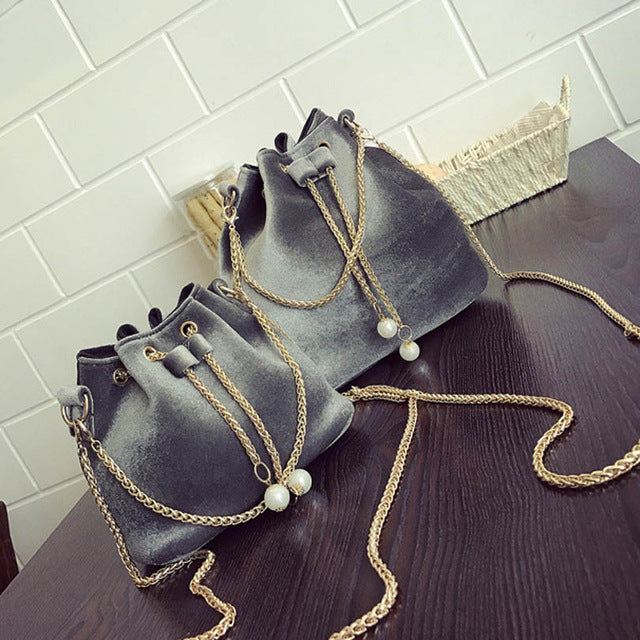Sac seau à chaîne coloris gris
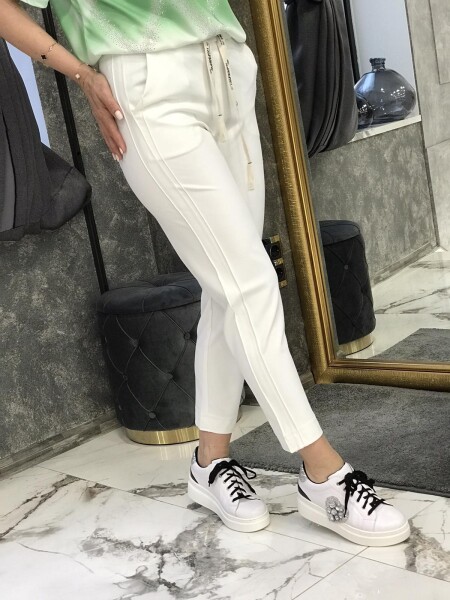 Спортно елегантен панталон в бяло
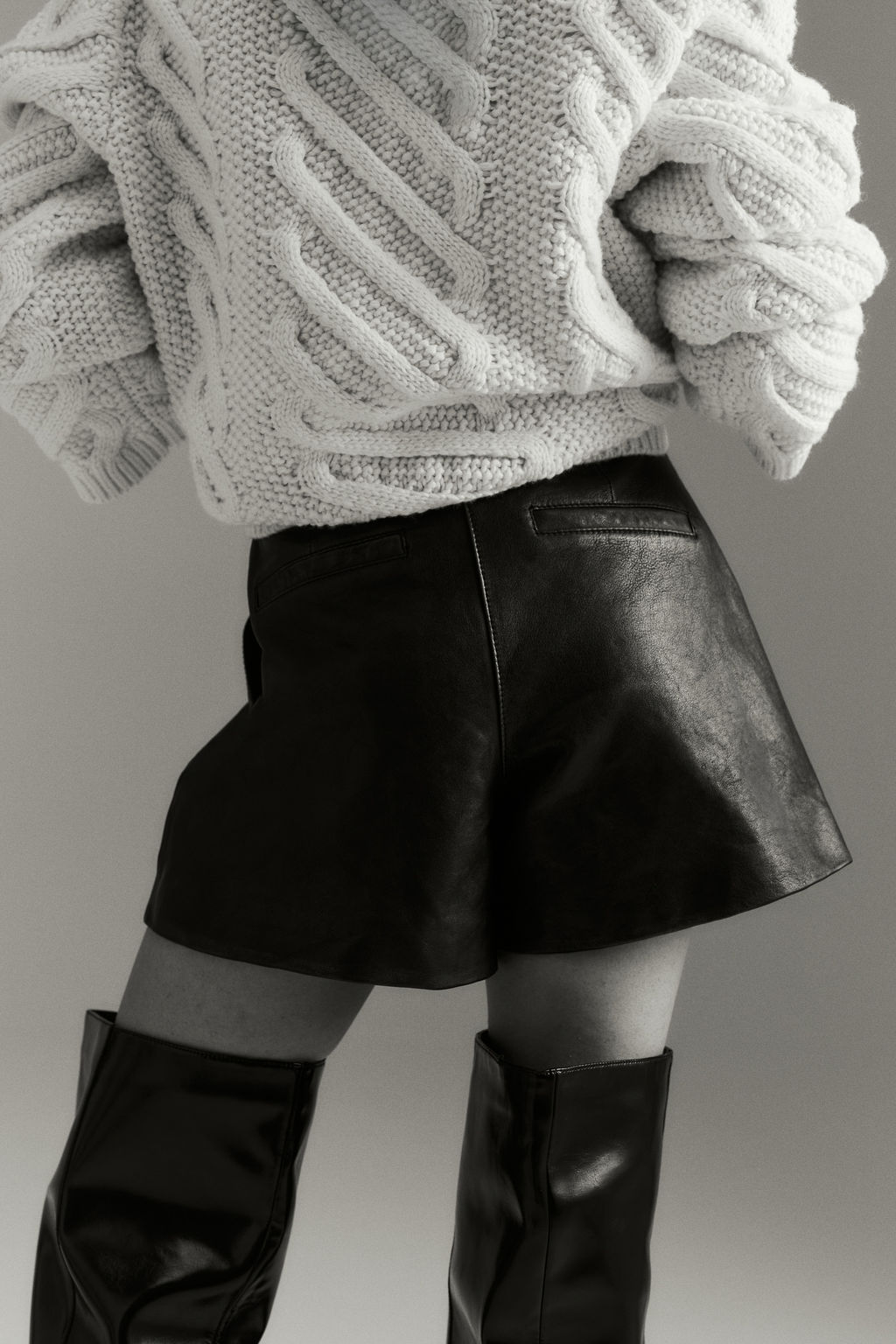 Pantal?n corto de piel - H&m фото 2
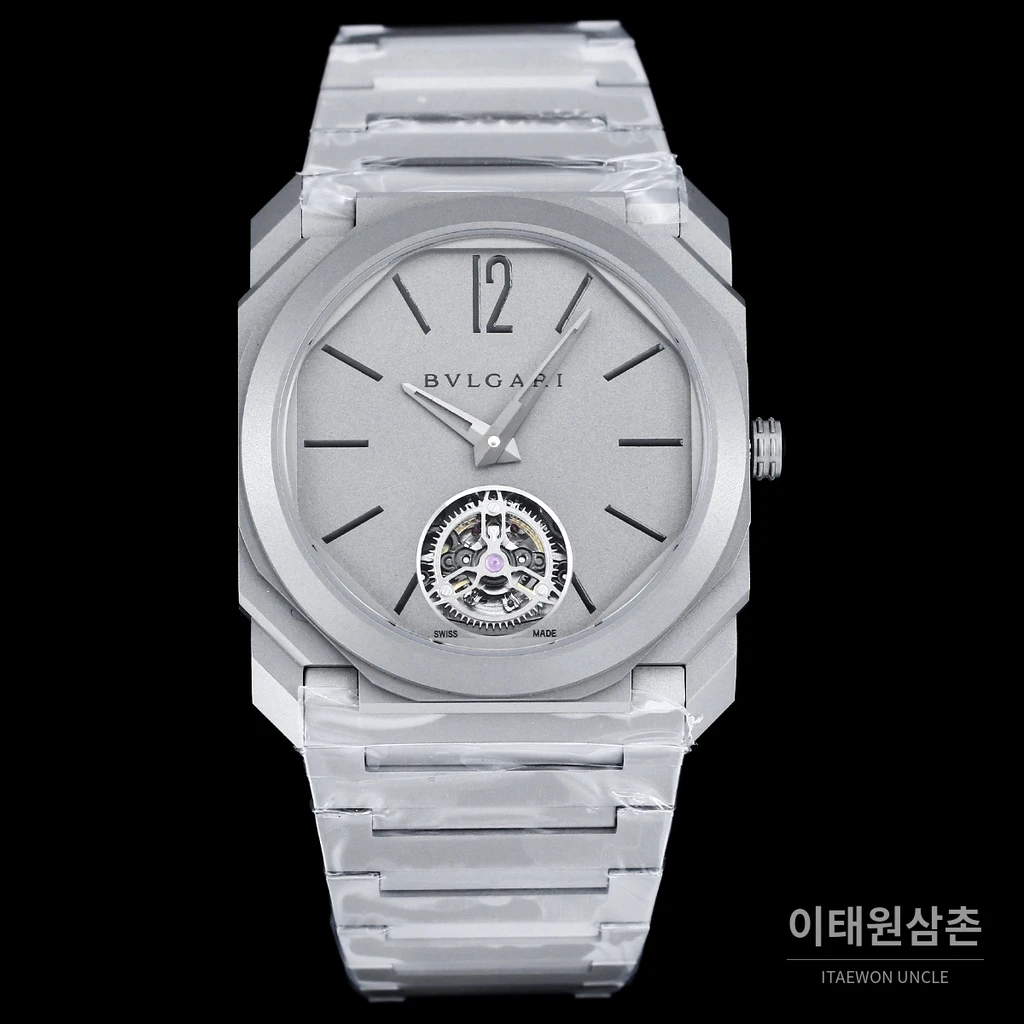 불가리 옥토 피니씨모 스테인리스 스틸 울트라씬 스포츠 워치 40mm 실버 티타늄 브레이슬릿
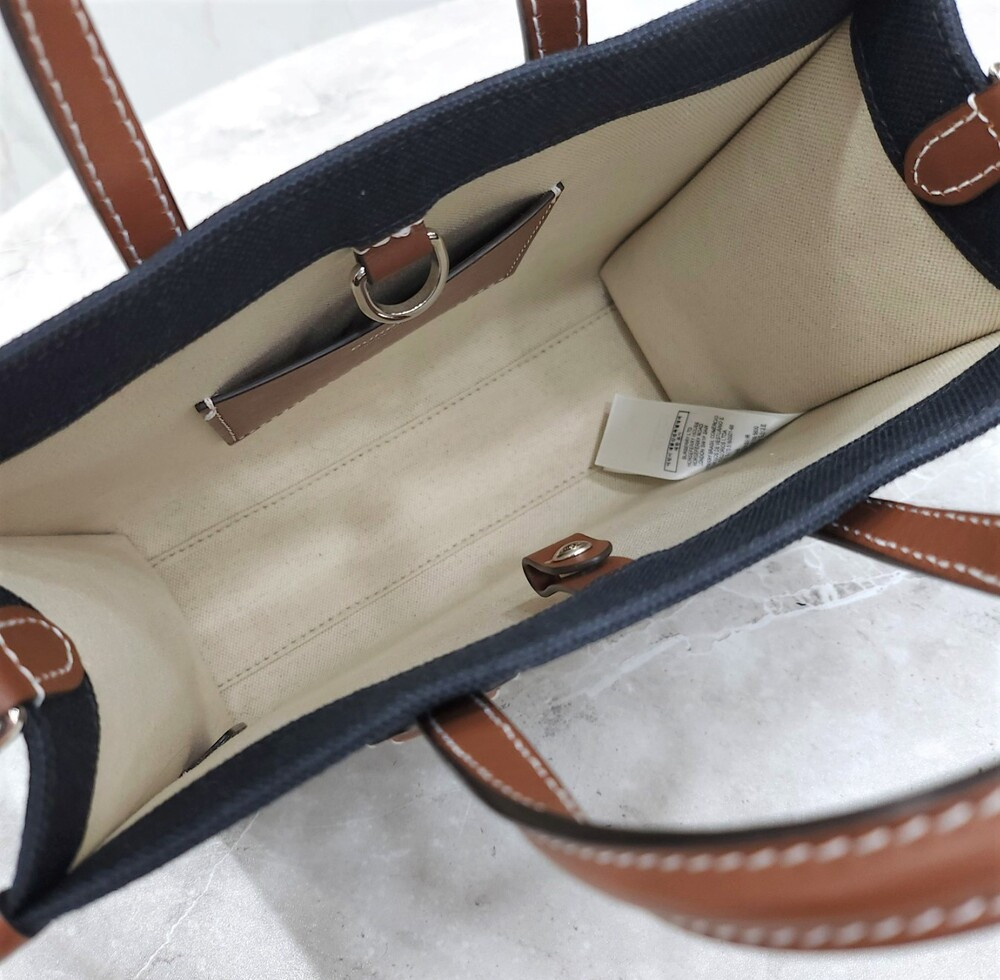 [럭스유] 버버리 미니 프레야 토트백 8055749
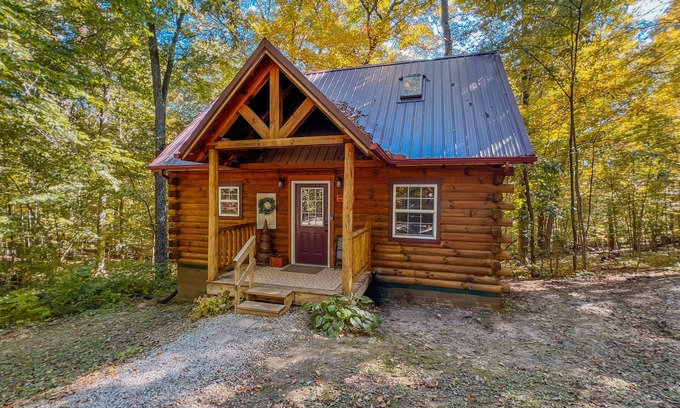 Laurelville Cabin | Lovers Loft Cabin in Hocking Hills
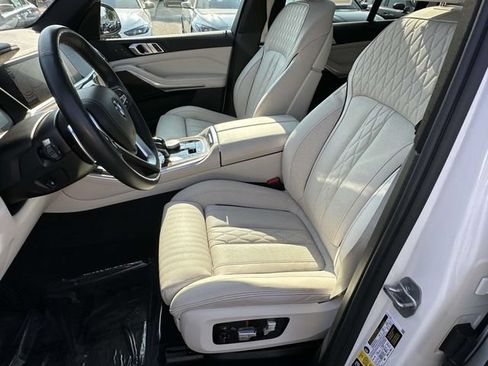 Used 2023 BMW X5 xDrive40i AWD/4WD image 27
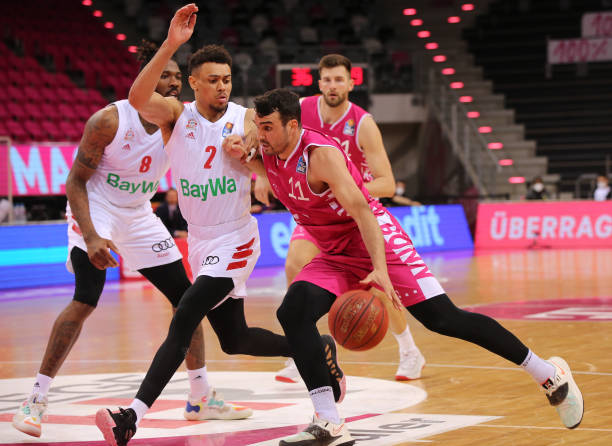 选手们拼搏 选手们拼搏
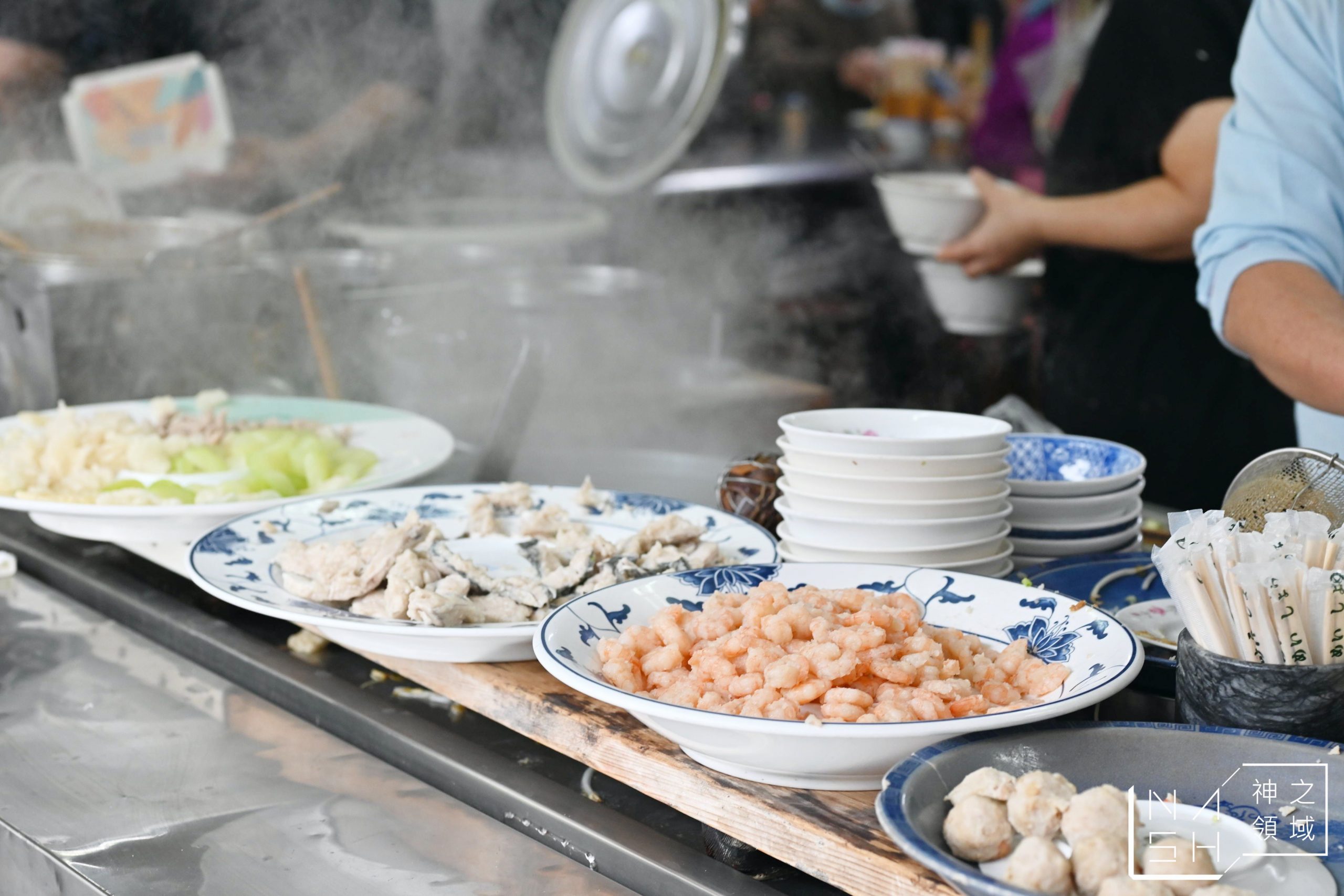 嘉義美食推薦這家源滷肉飯(菜鴨魯熟肉)，這家嘉義早餐推薦給喜歡魯熟肉的朋友，這家菜鴨魯熟肉真的太受歡迎了，但是他的公休真的很難抓，我已經連續撲空兩次，這次才順利吃到，因為他們休的時間真的很不好抓，大方向是連假之後會休一段時間，另外不定期休，所以不要想說來就一定吃的到源滷肉飯(菜鴨魯熟肉)，完完全全憑運氣唷 [sc name=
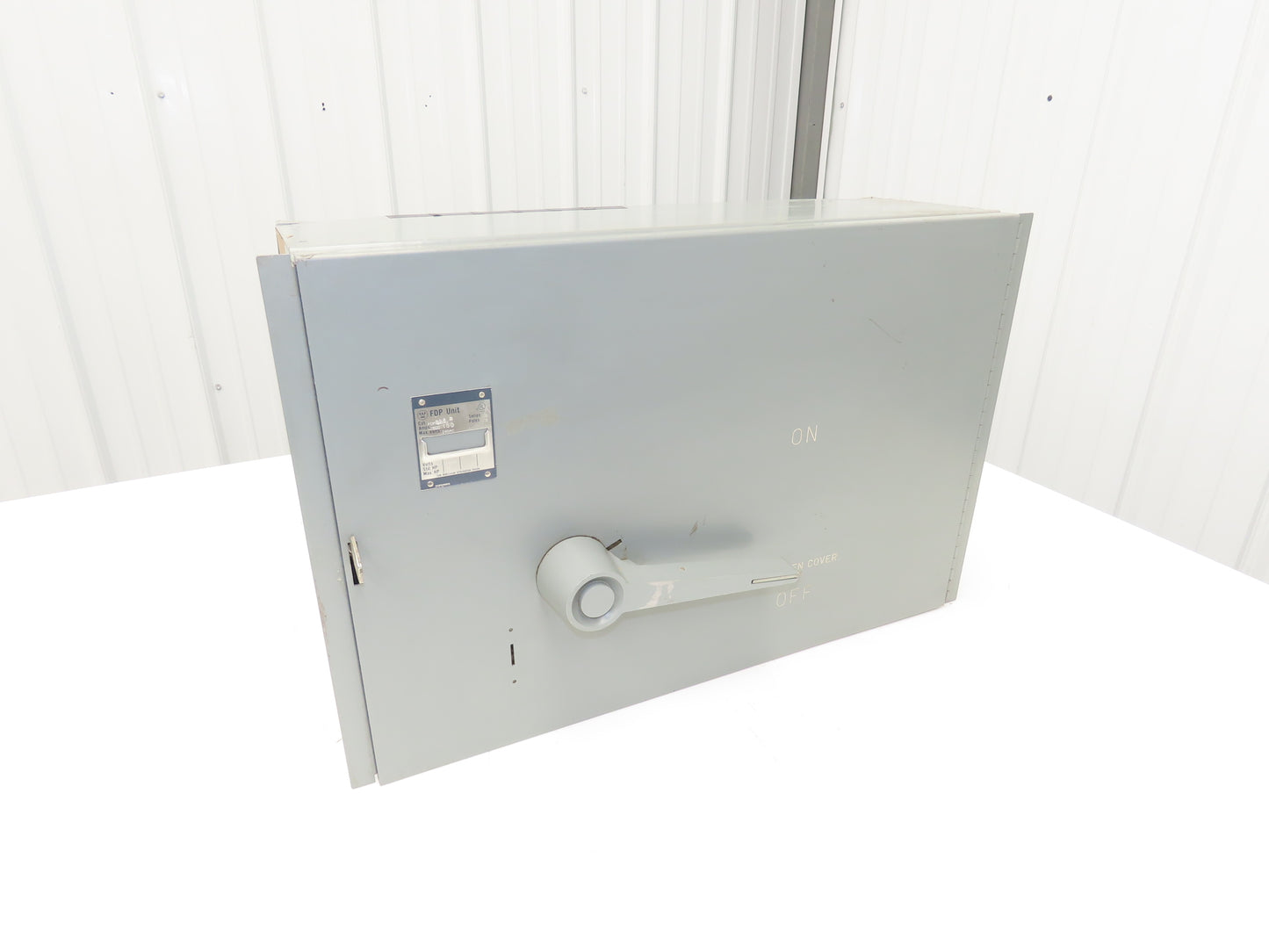 Westinghouse FDP325R Safety Disconnect Switch 400A 240VAC 100Hp 3Ph Fused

---

> [Work request]
Copy nothing but the lines above from the one with "불가리 옥토 피니씨모" to the one with "选手们拼搏 选手们拼搏", inclusive, word for word. Leave every picture out.

> [Your response]
 불가리 옥토 피니씨모 스테인리스 스틸 울트라씬 스포츠 워치 40mm 실버 티타늄 브레이슬릿
 [럭스유] 버버리 미니 프레야 토트백 8055749
 Laurelville Cabin | Lovers Loft Cabin in Hocking Hills
 Used 2023 BMW X5 xDrive40i AWD/4WD image 27
 选手们拼搏 选手们拼搏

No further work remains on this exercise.